Good stuff. Yeah I was getting hung up on how this is a "once in a lifetime" opportunity, so your perspective is helpful. And 30-40K higher in a lower COL city? Just a GP thing? That goes a long way.

Good points regarding exit opps. I didn't think of it the same as you did. Frankly I could see myself staying with offer 1 for a while.

And then grateful to have the offers and to be making forward career progress as you said. Taking offer 1 would probably minimize regret. I don't think these offers come around super frequently in tier 2/3 cities. GP roles in HCOL cities are in my opinion more common. 

 

Not the OP, but question halfway related to this.... 

say you have an offer in development. GP which focuses on one asset class and you’re not sure if that’s your long term asset to specialize in. Do you join, learn, then start looking again at a later date, or keep pushing to get into a different GP? 
 

classic bird in the hand question but my point is does being at a GP in another asset class hurt you more than help?

 

No, it really is hard to say you are "precluded", this "peigonholing" concept is so badly over used on this site..... (I've ranted on other posts, I'll keep this quick).

A lot of people who go work for a firm that works cross asset/product types will get assigned to only one asset/product type, it's the norm.
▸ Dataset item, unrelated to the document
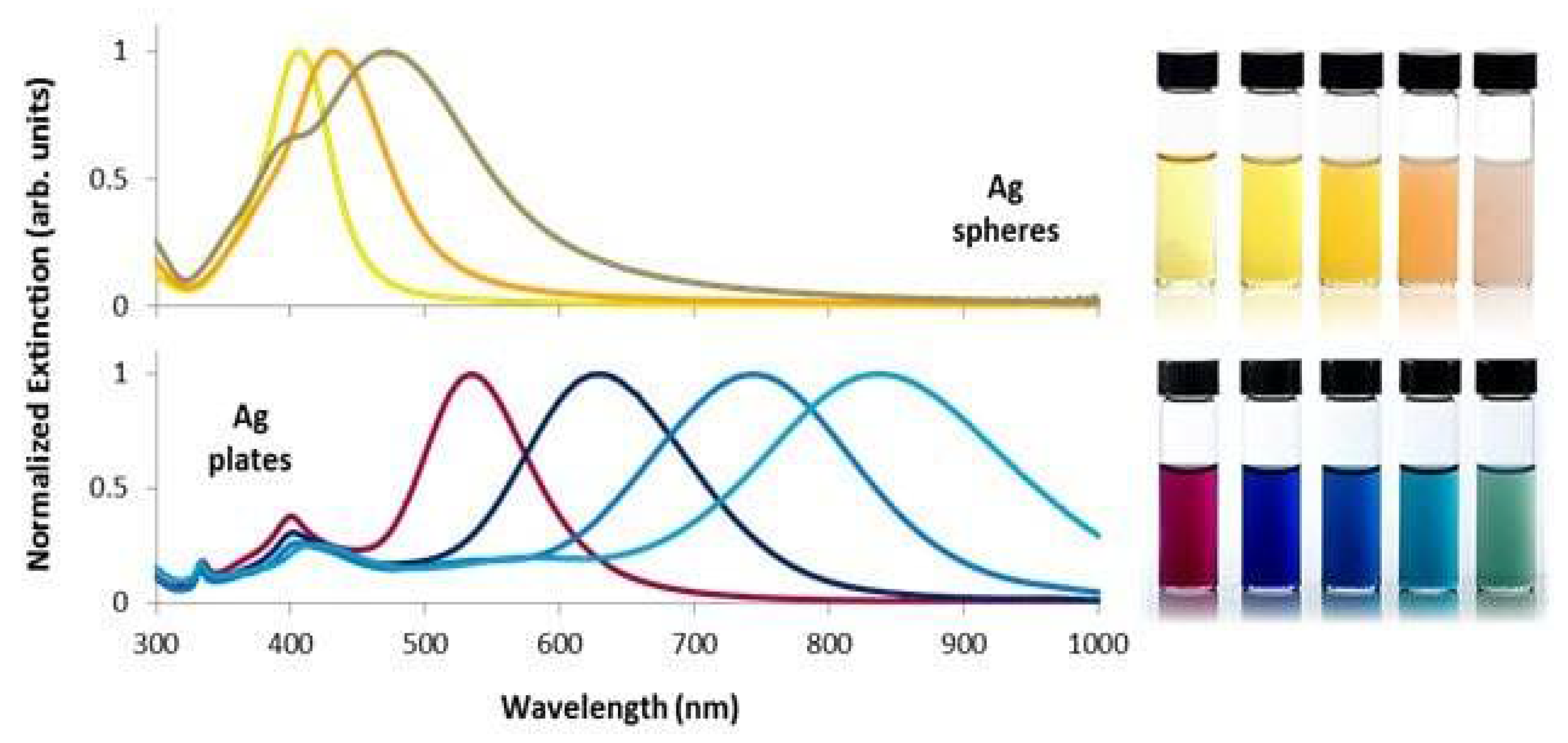 Inorganics 13 00341 g002 Inorganics 13 00341 g002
Whether something mainstream like office or multifamily or more niche like senior housing, you will have to be in the industry awhile (long past analyst zone) to really thing about this.

That said, most career "peigonholing" that actually occurs is by the person choosing to do it..... As they can make more, get better jobs playing on their experience. Jumping to jump gets really costly the longer you stay in the business. Even at analyst/associate level (where jumps occur and not hard to do), it is not clear to me that doing so is actually accelerating a career vs. just resetting it.